Come conseguenza, temi importanti quali il genocidio degli Armeni rimane completamente escluso dai talk. È del resto risaputo che gli esteri non ottengano ascolti, e Formigli, che pure ha realizzato un notevole reportage da Kobane, non può che prenderne atto.
La prima puntata di stagione di Piazza Pulita, proprio quella con il reportage da Kobane, sarebbe dovuta andare meglio, vista la qualità del materiale proposto. Invece si è assestata su valori lievemente più bassi della media, perché il pubblico va anche “coltivato” ai generi a cui non è abituato.
Il genere dà ancora segni di vita, ma si rivela una continua operazione di mediazione. Lavorando per un’azienda privata, ammette il conduttore di Piazza Pulita, non fare ascolti equivale ad essere chiusi: un’eventualità che porterebbe a una serie di licenziamenti che lascerebbero sulla strada circa 80 famiglie. Una responsabilità troppo grande di cui non si può non sentire la responsabilità.
Marianna Aprile individua tra le cause della crisi il disamore del pubblico riguardo ad alcune tematiche; lo stesso disamore che porta alle alte percentuali di astensionismo. Il format però cerca di sopravvivere tentando sprazzi di creatività, ad esempio puntando su ospiti provenienti dal mondo dello spettacolo.
Sia la Aprile che la Lucarelli inoltre, sottolineano come il consenso quasi unanime intorno a Renzi abbia appiattito il dibattito politico, rendendo gli stessi talk meno interessanti.
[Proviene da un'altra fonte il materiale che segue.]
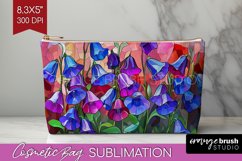 Stained Glass Flowers Cosmetic Bag - Floral Makeup Bag PNG Product Image 1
Se inoltre, fino a qualche anno fa, si aspettava che fosse Santoro o qualche altro giornalismo a porre le domande, adesso siamo negli anni della disintermediazione. Grazie ai social, noi stessi, in prima persona, possiamo rivolgerci ai nostri rappresentanti, e magari Renzi su Twitter ci risponde pure.
Ciò nonostante, il giornalista conduttore è un brand: a fronte di ospiti che sono sempre gli stessi, si sceglie di seguire lui.
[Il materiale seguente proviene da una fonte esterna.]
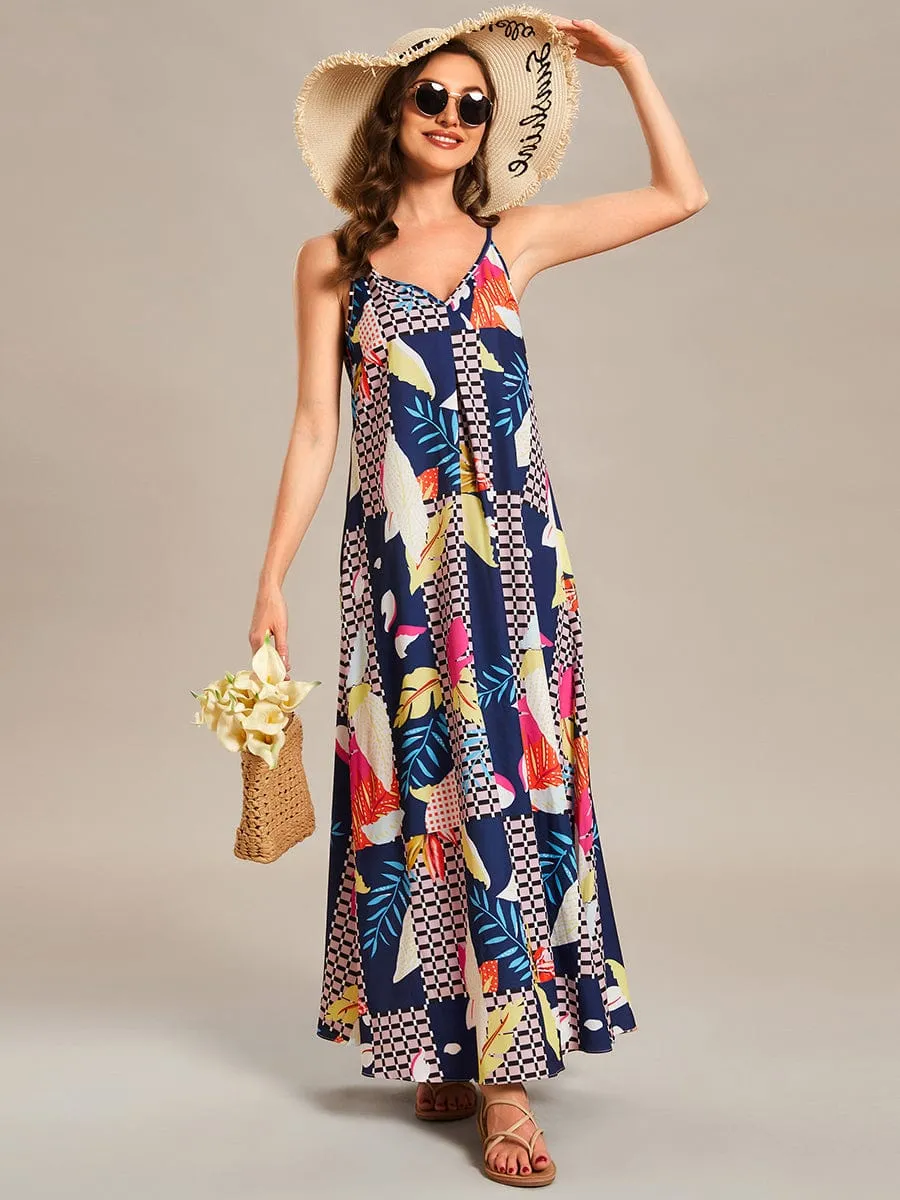 Loose Spaghetti Strap A-Line Summer Beach Vacation Maxi Dress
Capito se si vuole davvero realizzare un programma informativo oppure uno che punta alla “pancia”, Formigli dà una soluzione: i giornalisti si devono riappropriare della loro professione. Non permettere che i politici monologhino è fondamentale, ma il contraddittorio non può essere affidato a un politico dell’altro schieramento, che agli occhi del telespettatore è altrettanto poco credibile in quanto portatore di un interesse contrapposto.
L’opposizione dialettica dunque, non può che spettare al giornalista. Di certo Salvini, e molti come lui, presenzierebbero meno.